* **Dataset extract**
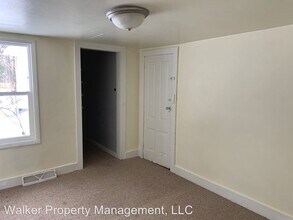 400 Gilbert St in Footville, WI - Foto de edificio - Building Photo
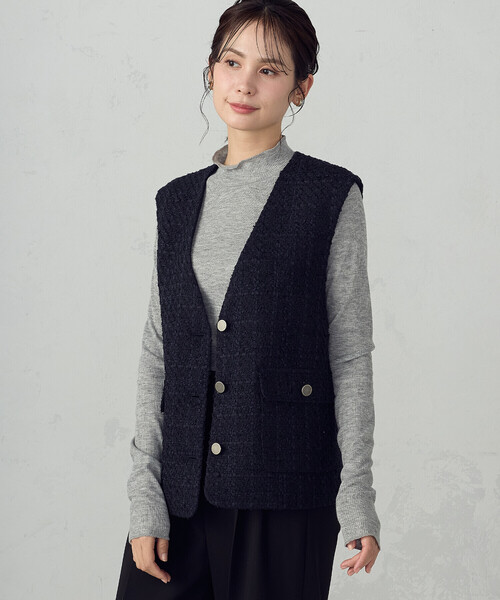 COMME CA ISM（コムサイズム）の「【宮城舞さん着用】ファンシーツイード ジレ（ベスト・レディース・ネイビー/アイボリー・FREE）」の14枚目の写真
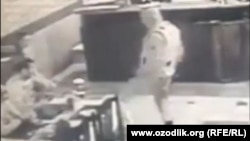 Сотрудники ташкентской милиции, одетые в камуфляж, избивают сотрудников ночного клуба «Летний сад». Скриншот записи камеры видеонаблюдения. 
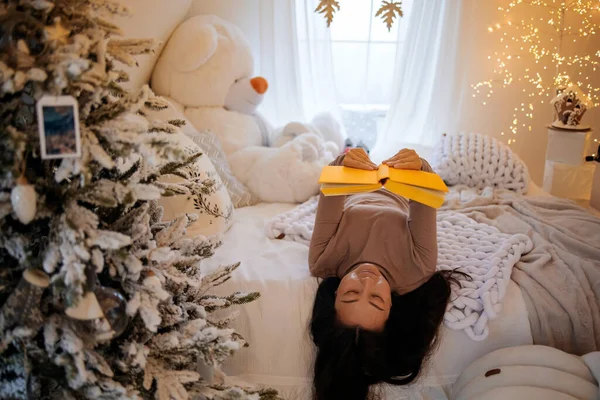 Merry Christmas Happy New Year Asian Teen Girl Notebook Lying — Foto Stock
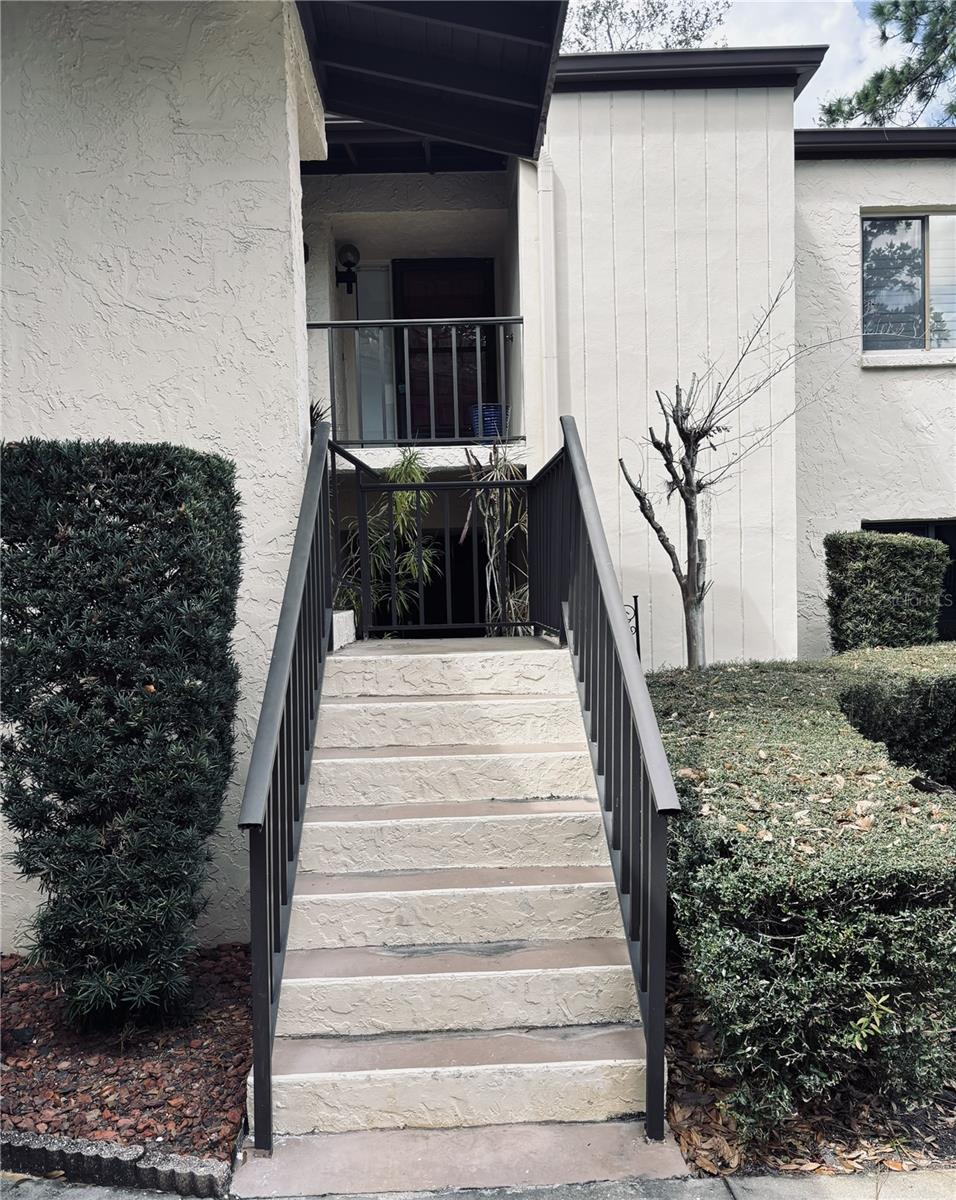 700 STARKEY RD #821 Property Photo 1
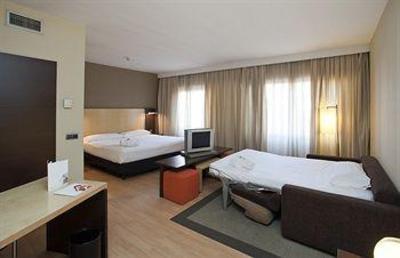 фото отеля Confortel Suites Madrid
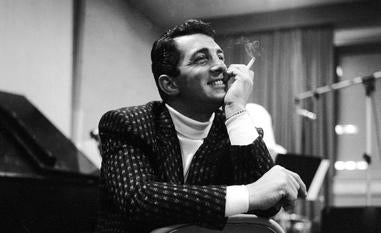 Dean Martin en el estudio de grabación de Capitol Records en 1958./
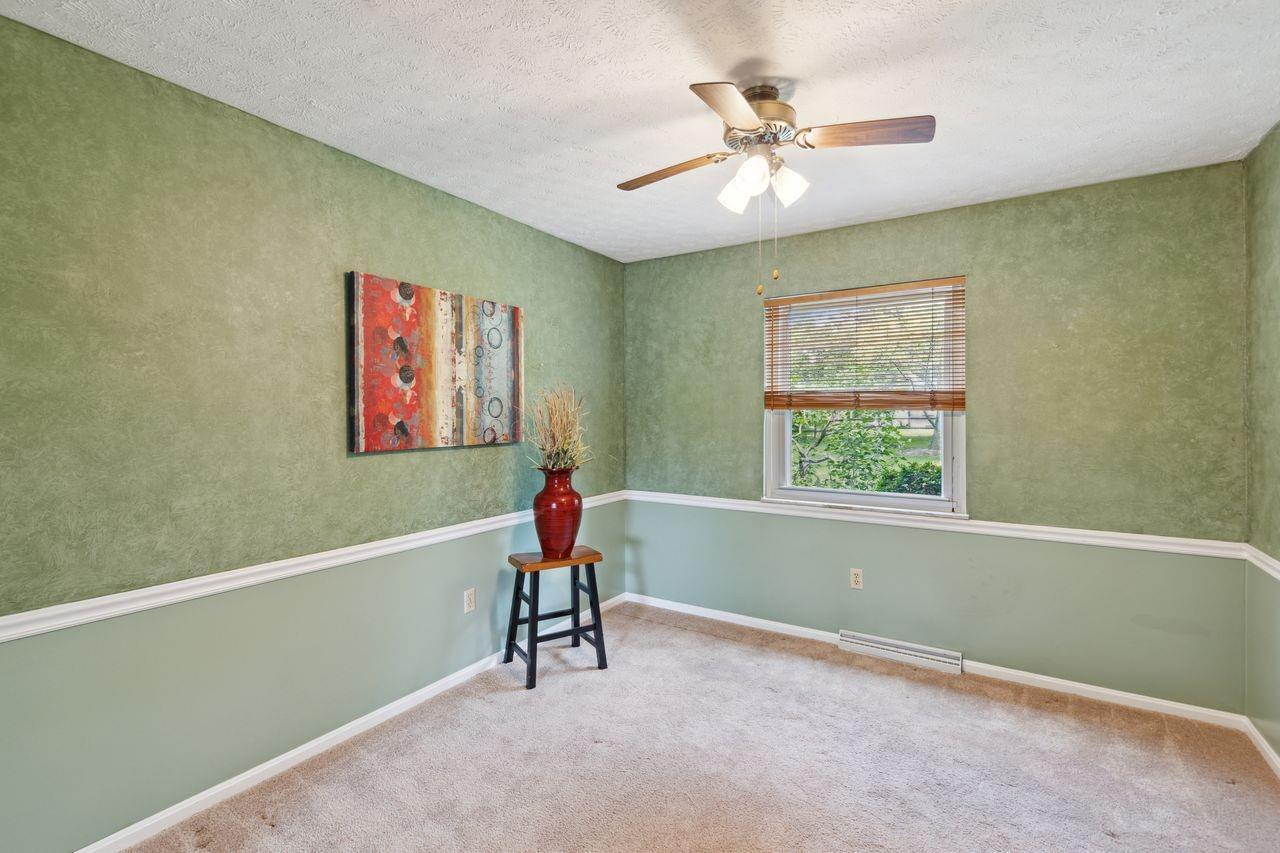 706 Yorkhaven Road Springdale, OH 45246 - Photo 13 of 35 Gallery Image 13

* **Goal of the exercise**
Return all the records exactly, excluding images.

* **Solution to this problem**
 400 Gilbert St in Footville, WI - Foto de edificio - Building Photo
 COMME CA ISM（コムサイズム）の「【宮城舞さん着用】ファンシーツイード ジレ（ベスト・レディース・ネイビー/アイボリー・FREE）」の14枚目の写真
 Сотрудники ташкентской милиции, одетые в камуфляж, избивают сотрудников ночного клуба «Летний сад». Скриншот записи камеры видеонаблюдения. 
 Merry Christmas Happy New Year Asian Teen Girl Notebook Lying — Foto Stock
 700 STARKEY RD #821 Property Photo 1
 фото отеля Confortel Suites Madrid
 Dean Martin en el estudio de grabación de Capitol Records en 1958./
 706 Yorkhaven Road Springdale, OH 45246 - Photo 13 of 35 Gallery Image 13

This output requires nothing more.